Shoygu spoke publicly about the need to increase ammunition expenditure “by several times” from the current norm of 20 rounds per tank or artillery crew.  And more explicitly:

“Our colleagues in other countries shoot 160 shells a year per crew.  We have to increase our indicator at least five times.  We have every possibility for this.”

He and his subordinates mulled the irony that Russia destroys old munitions while not enough new ones are manufactured.  Deputy Defense Minister Yuriy Borisov said more money is going to ammunition production.

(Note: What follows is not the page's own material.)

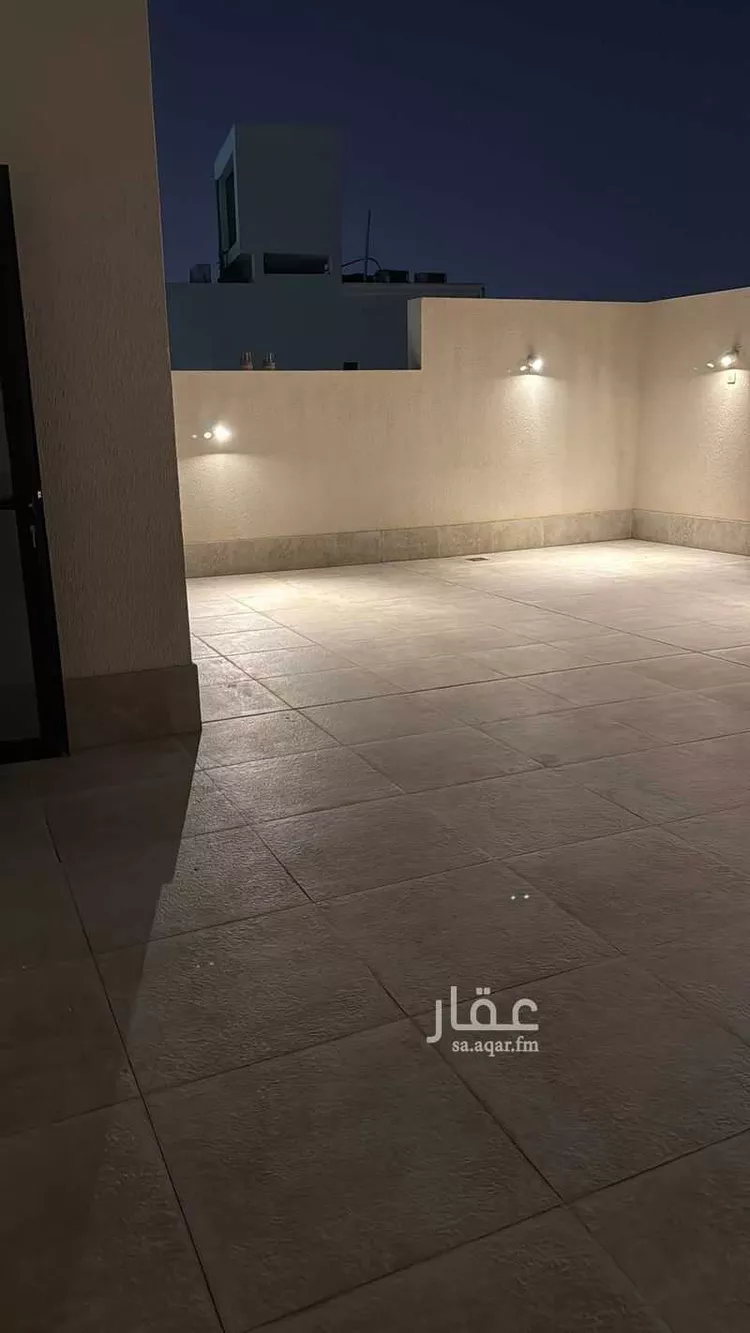 شقة للإيجار في شارع محب الدين القطبي ، حي الرفيعة ، الرياض ، منطقة الرياض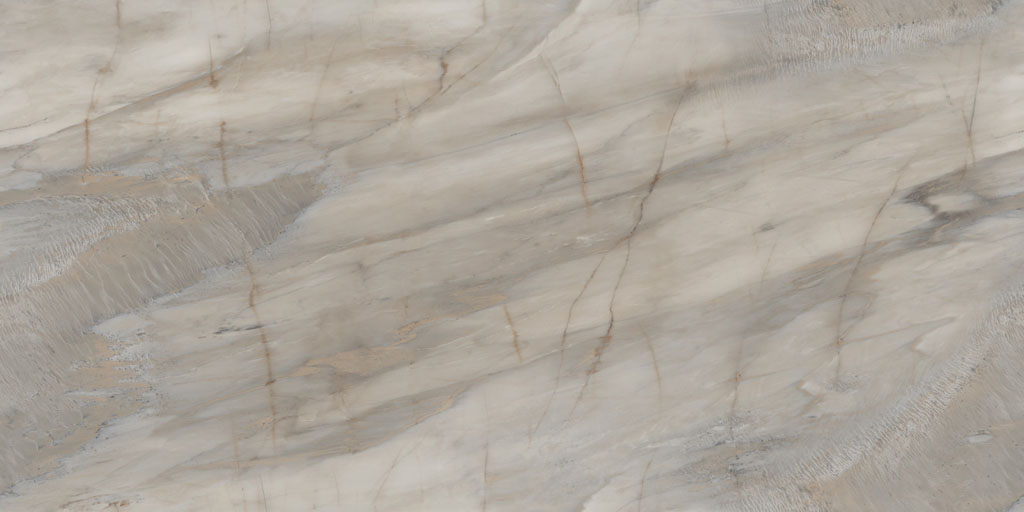 60120LMS15P Limestone Dark полированный 600x1200x7 LCM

However, NVO’s Viktor Litovkin noted a different problem — practice firings too routine for crews to learn anything about shooting in combat:

“The first deficiency on which Defense Minister Sergey Shoygu focused is ‘we still shoot poorly.’  The causes here are several.  One of them is the fact that tankers, as a rule, conduct combat firings from training tanks.  Three-four of them per battalion.  The tank range on the brigade training area has been studied down to the last knoll, so that every sight setting is thoroughly well-known.  And how to fire at what distance.  And all targets are well-known.  Behind the sight of a TO&E tank, on unfamiliar terrain, people are lost.  And unacceptable mistakes ensue.”

So, the military leadership is more occupied with the quantity than the quality of training.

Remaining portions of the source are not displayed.